Fellow Redditors weighed in:
- NTA: Not the A**hole
- YTA: You’re the A**hole
- ESH: Everybody Sucks Here
- NAH: No A**holes Here
Some agreed with the OP that nicknames were incredibly powerful.
“My sister called me fatty all the time since I could remember. I have had anorexia since I was 18.”
“There are more factors to developing an eating disorder but bad body image is one of them. For the record, I was tall and lanky.” – Natfreerider
“Dude, I dealt with the ‘it’s just joking’ s**t since I was fucking BORN. it completely destroyed my self-esteem before I had a chance to even develop any.”
“Growing up I let everyone walk all over me in every aspect of life because my feelings were constantly invalidated if I ever dared get the slightest bit upset. These days anyone tries to pull that s**t, I go OFF.” – Venjy
“I was a stick as a child and was called ‘Skinny Minnie’ regularly, amongst other names.”
“Naturally, your weight changes as you get older, so being called weight-specific names really f**ks with your body image, especially when you don’t have the same physique as you did when you were a child.”
“OP is absolutely right to nip it in the bud. NTA .” – The5am1am
Others suggested how the OP might talk about this in a new way.
“Questioning her might illustrate the OP’s point:”
“How would it make you feel if I called you that?”
“How would a stranger feel if you called them that?”
“How would you feel if a stranger called you that?”
“NTA. She’s already started a lifetime cycle of abuse, but it’s not too late to stop it.” – Bulls**t_Conduit
“Kids are mean.
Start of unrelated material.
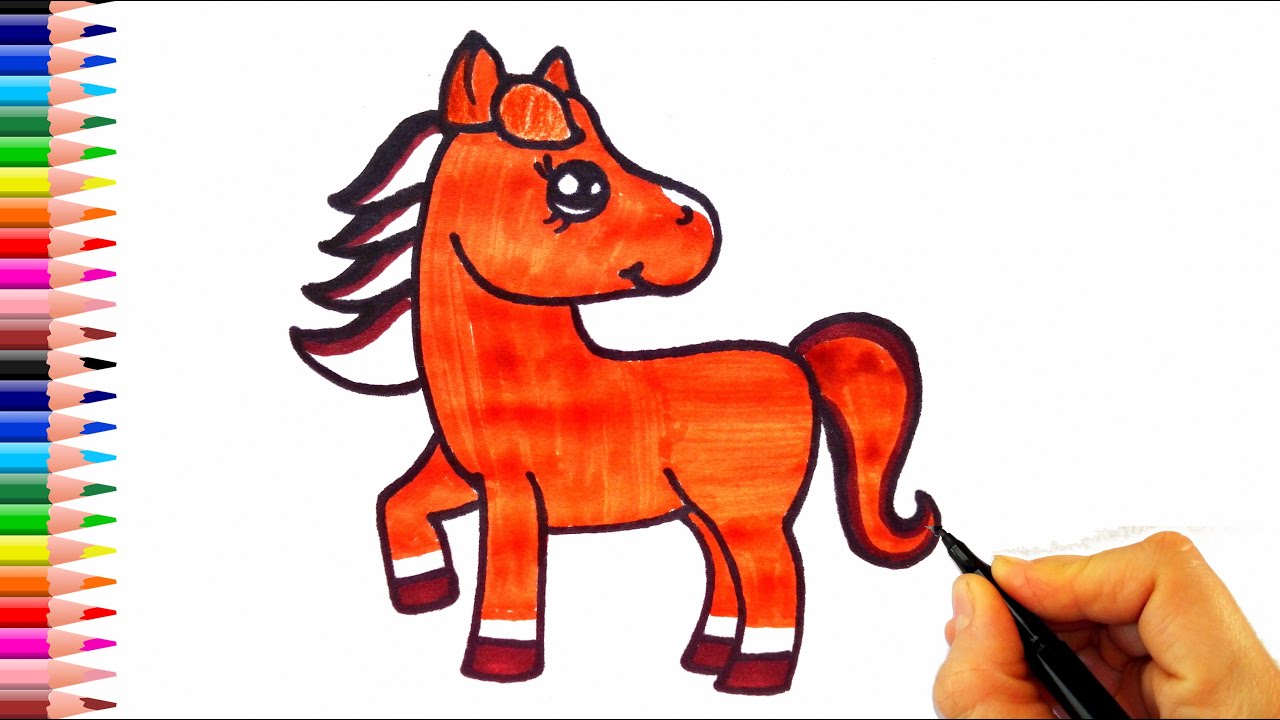 Sevimli At Çizimi - Kolay At Çizimi - Kolay Çizimler - How To Draw a Horse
And they are mean to not only to others but also themselves.”
“I love healthy babies and bodies!”
“I just wish I did not look at myself in the mirror and hate myself so for so long when I was a child.”
“I wish today, I didn’t question whether or not I have a headache because I didn’t eat breakfast or lunch because I am so used to policing my eating.”
“This isn’t about how the parents/grandparents feel about the words they say. It’s about realizing how awful it feels to be bullied and the life long-lasting effects of childhood bullying that can be caused by words that are lovable/innocuous to them that can be eviscerating, life long wounds in their offspring.” – anna-bannanas
“It doesn’t seem that he’s upset his baby is fat. Like it’s been stated a fat baby is a healthy baby. It’s that the baby’s being called derogatory nicknames pointing out her weight.”
“My niece is only 9 and has started showing anorexic behaviors because her parents have given her ‘cute and endearing’ nicknames surrounding her weight her whole life. There are better ways of showing body/fat positivity without constantly pointing out the child’s weight.”
“A good example of showing positivity around larger body types would be the husband complimenting the wife’s in front of the child (not in a gross way though).”
“The more you point out someone’s body the more they get conscious about it.” – ShamelessStatue
While the OP was conflicted about how he handled the situation with his wife and daughter, the subReddit agreed that it was a good thing for him to bring up and discuss.
His wife and extended family may genuinely mean what they’re saying in an endearing way, but that does not mean that is what is being communicated.
The couple should absolutely discuss what message they want to give their daughter and decide how best to deliver it in the future.